Search code examples
asp.netregexiisurl-rewritingurl-rewrite-module

Regex negative lookahead true then ignore rest of regex


I'm using the following IIS Rewrite Rule to block as many bots as possible.

<rule name="BotBlock" stopProcessing="true">
  <match url=".*" />
  <conditions>
    <add input="{HTTP_USER_AGENT}" pattern="^$|\b(?!.*googlebot.*\b)\w*(?:bot|crawl|spider)\w*" />
  </conditions>
  <action type="CustomResponse" statusCode="403" statusReason="Forbidden" statusDescription="Forbidden" />
</rule>

The goal is to block all user agents with the parts bot, crawl or spider in it, but allow the Google Bot. This works to an extend. But the problem is that the second part of the regex is also triggered, even if "googlebot" is found in the string.

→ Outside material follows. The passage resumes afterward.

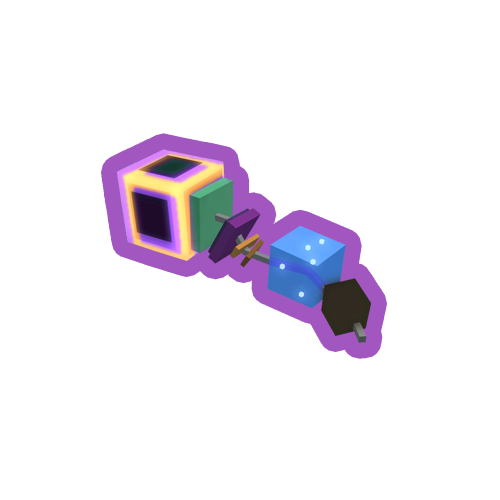 Roblox Old Charm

Below some examples what mean:

 Googlebot/2.1 (+http://www.google.com)

Works fine, the 'bot' part in googlebot is ignored and the request is permitted.

 Googlebot/2.1 (+http://www.google.com/bot.html)

Does not work, still triggers on the second 'bot' in the string and the request is blocked

 KHTML, like Gecko; compatible; bingbot

Works fine, is triggered on the bot in bingbot and the request is blocked

So can someone help me to change the rexeg so the string with Googlebot/2.1 (+http://www.google.com/bot.html) is allowed?


Solution

  • I'm not familiar with IIS's exact regex flavor (presumably .NET) but this should work if you can enable case-insensitive regex'ing:

    ^(?!.*googlebot).*(?:bot|crawl|spider)
    

    Explanation:

    • ^ - start line anchor
    • (?!.*googlebot) - ahead of me, the word "googlebot" does not exist
    • .*(?:bot|crawl|spider) - capture everything leading up to a positive match of the word "bot", "crawl", or "spider"

    The combination of negative look-ahead and positive forward capturing produces an implicit and condition in regex; both must be true in order for the regex to register a match.

    https://regex101.com/r/ri6Qs7/1


    To note: I am not sure why your regex starts with ^$| unless you are purposely looking to provide a 403 to requests with an empty user agent.